The reason she caught my attention was linked to her resilience during her 1500m heat.
As she ran this race, she unfortunately tripped over another runner, at that moment she could have given up on making it to the finals of that race but instead she got back up and ran and overtook all those who had left her behind and came first!
Now isn’t that fascinating?
What she portrayed in that moment was the habit of resilience, the ability to bounce back, to stay positive, to encourage herself, to forgive herself, to be loving and compassionate with herself, to shake it off and start again and finish strong! If you didn’t get to watch this race, please do take the time to go and watch and experience it for yourself.
The one thing that got me to laugh after this was how she went ahead and gave credit to her favourite beverage (i.e., her daily habit) for helping her get up in her own words she said: “When I fell down and had to jump up … all the energy seemed to leave me, I was so tired. Without coffee I would never be Olympic champion. I needed all the caffeine!”
For each one of us there is need to have that habit of resilience.
As Zimbabweans I am so certain we all remember Mukadota, he had one song “Ndichatenga mota, ndichaitenga neshungu”, the context to this was he was running late for work one morning and was flagging a lift down, the person who stopped however didn’t necessarily give him a lift but rather provocative advise that Mukadota needed to buy his own car, he said to him “Bank haurizive”.
We don’t know how long it then took him to work on his financial habits to eventually buy a car.
I’m certain it may have looked as if certain changes he had made were not making a difference, he may have spent months in the valley of disappointment, who knows the bank may have told him he didn’t qualify to get a loan at first etc., but what we do know is we then hear him saying in the third person “vatenga mota”.
Can you imagine the rush of dopamine when he had finally achieved that goal?

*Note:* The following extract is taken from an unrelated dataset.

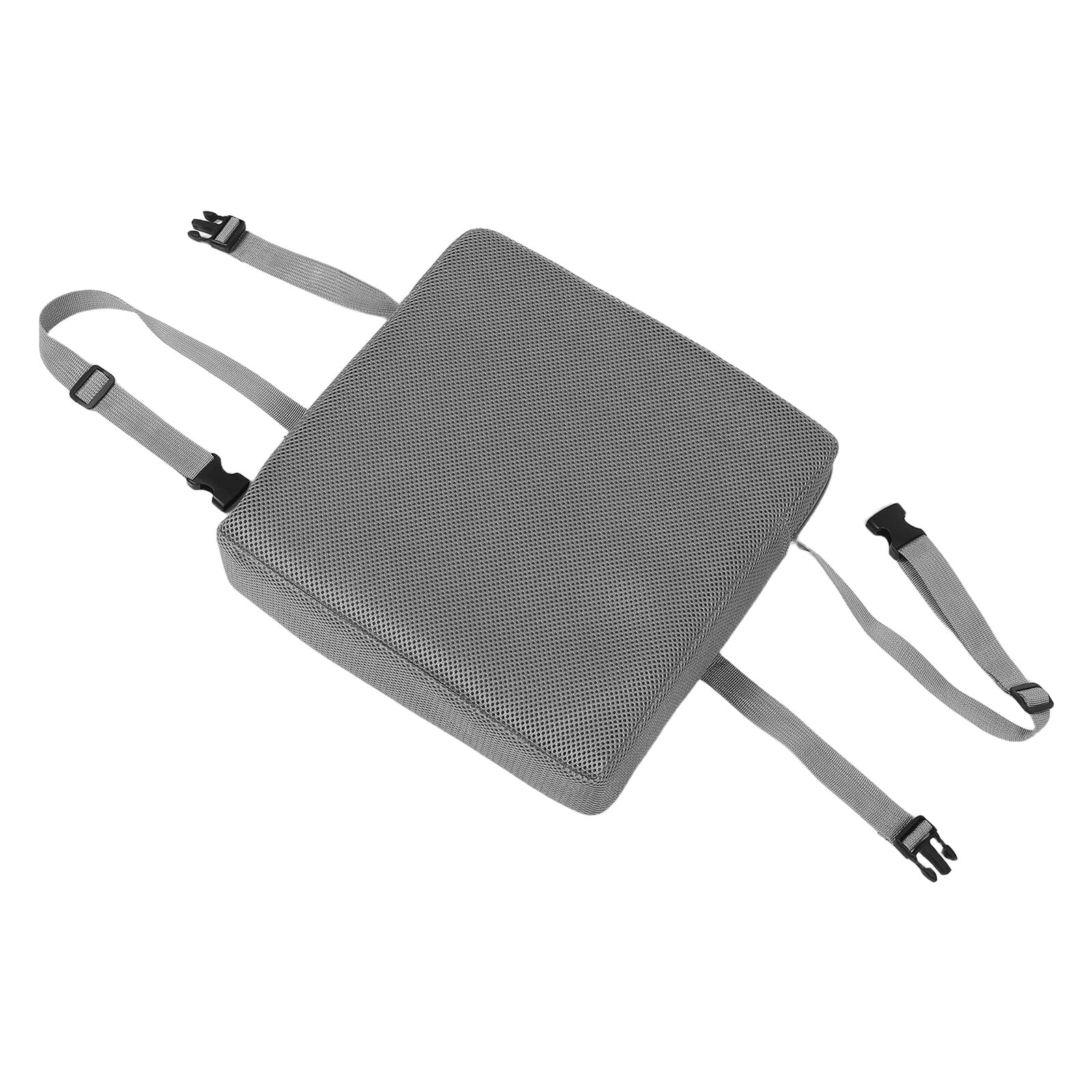 Hohopeti Asiento Elevador para Silla Infantil con Cojín Transpirable de Malla Gris 76 CM de Grosor Lavable a Máquina Diseño de Flujo de Aire para Comedor y Uso Escolar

Think back to your own wins, when you were able to achieve that goal of passing an exam?
Getting your first client? Losing a few kgs? Starting your new business etc. What was that habit you worked on that made that a possibility? What habit do you need to work on next?
As always there are always tips, I would like to leave with you to practice in your journey of habit formation: The two-minute rule – i.e., the habit should take you less than 2 minutes to do e.g. If you want to work on your physical exercise, put on your running shoes as soon as you get home from work.

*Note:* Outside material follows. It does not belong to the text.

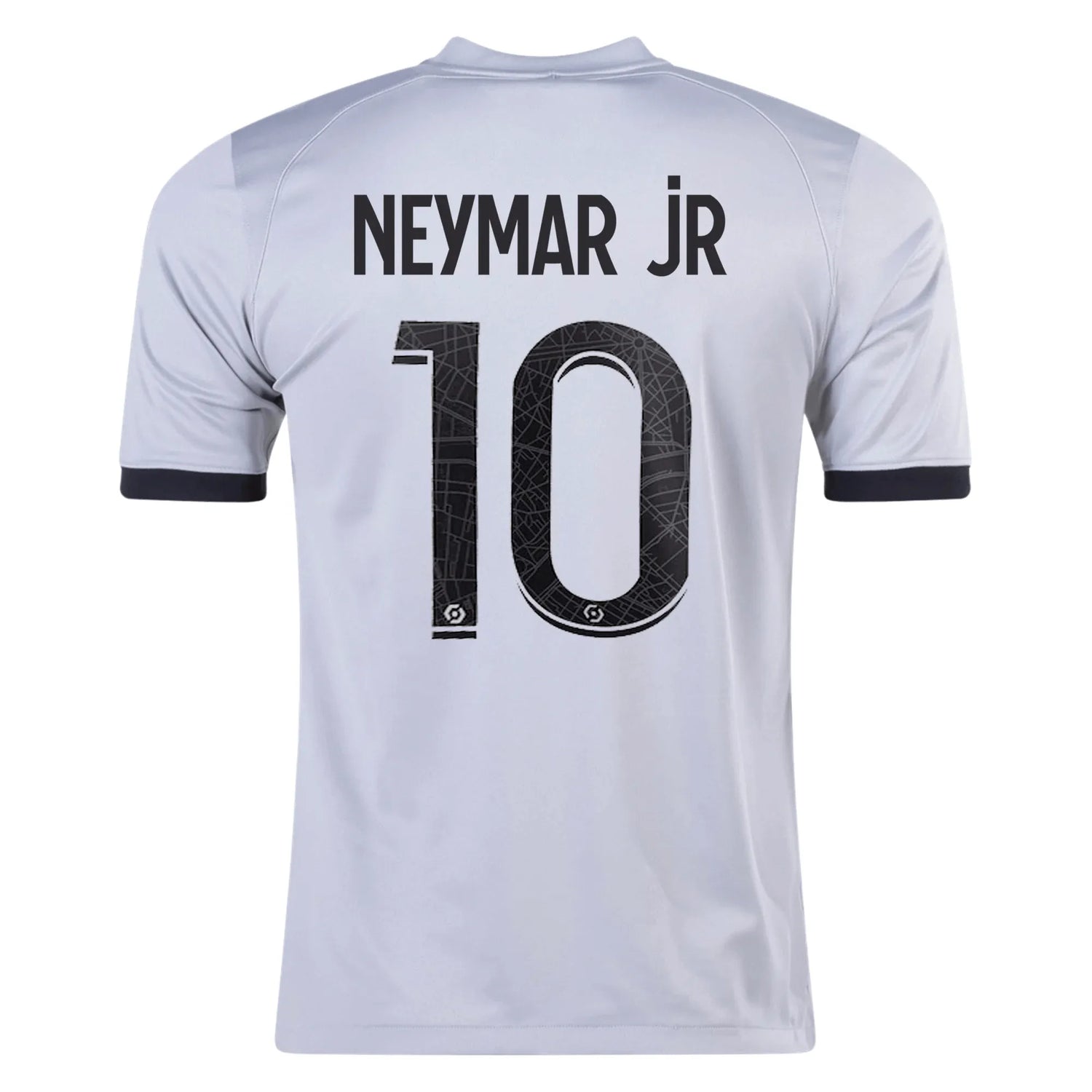 Jordan 2022-23 PSG Youth Away Jersey - Smoke Grey-Black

Create an If then plan i.e., a plan that you will make use of about when and where you will implement your habit e.g.
If you are wanting to build a savings nest your plan could be “I will deposit $20 every Friday into my savings account”.
If you want to pass your upcoming exams, your plan would be “I will study subject x every day for 2 hours from 8pm”. If you are preparing for an upcoming race, it could be “I will run 5kms each day at 5am”.
Prepare your environment to align to your new habit e.g., if the plan is to eat more healthy meals, rid your pantry of junk food. I hope this gives you great insight and that you get to work on either of the 3 tips.
Have a good week ahead, remember you can change only if you want to!